------ DATA BELOW ------

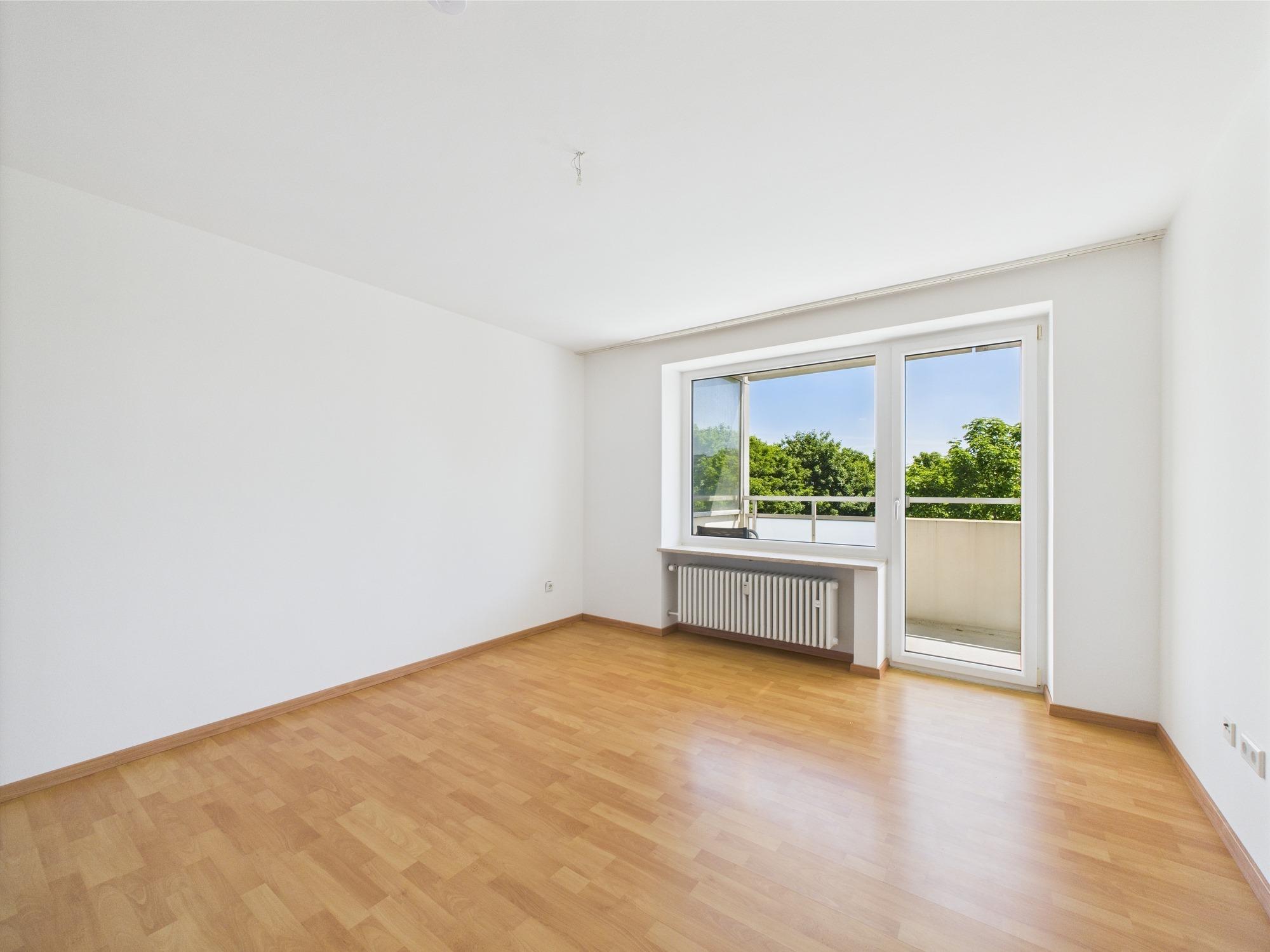 Renovierte 1-Zimmer-Wohnung mit Blick ins Grüne, 81927 München, Etagenwohnung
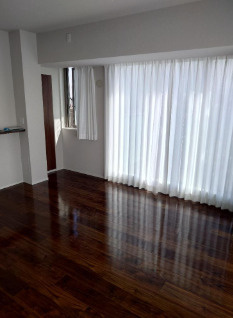 大阪市中央区高津3丁目　２ＬＤＫファミリータイプ　オーナーチェンジ物件の居間・リビング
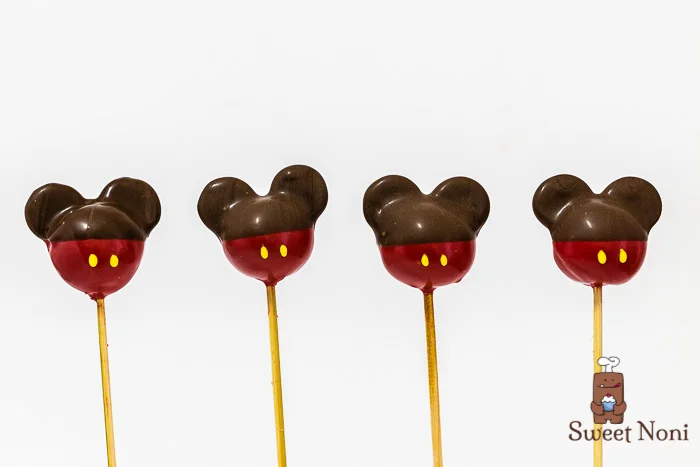 One more Mickey Cakepop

------

§ WHAT TO DO
From the line containing "大阪市中央区高津3丁目　２Ｌ" down to the last line of the data, print every line exactly and nothing else. Pictures stay out of the copy.

§ RESULT OF THE EXERCISE
 大阪市中央区高津3丁目　２ＬＤＫファミリータイプ　オーナーチェンジ物件の居間・リビング
 One more Mickey Cakepop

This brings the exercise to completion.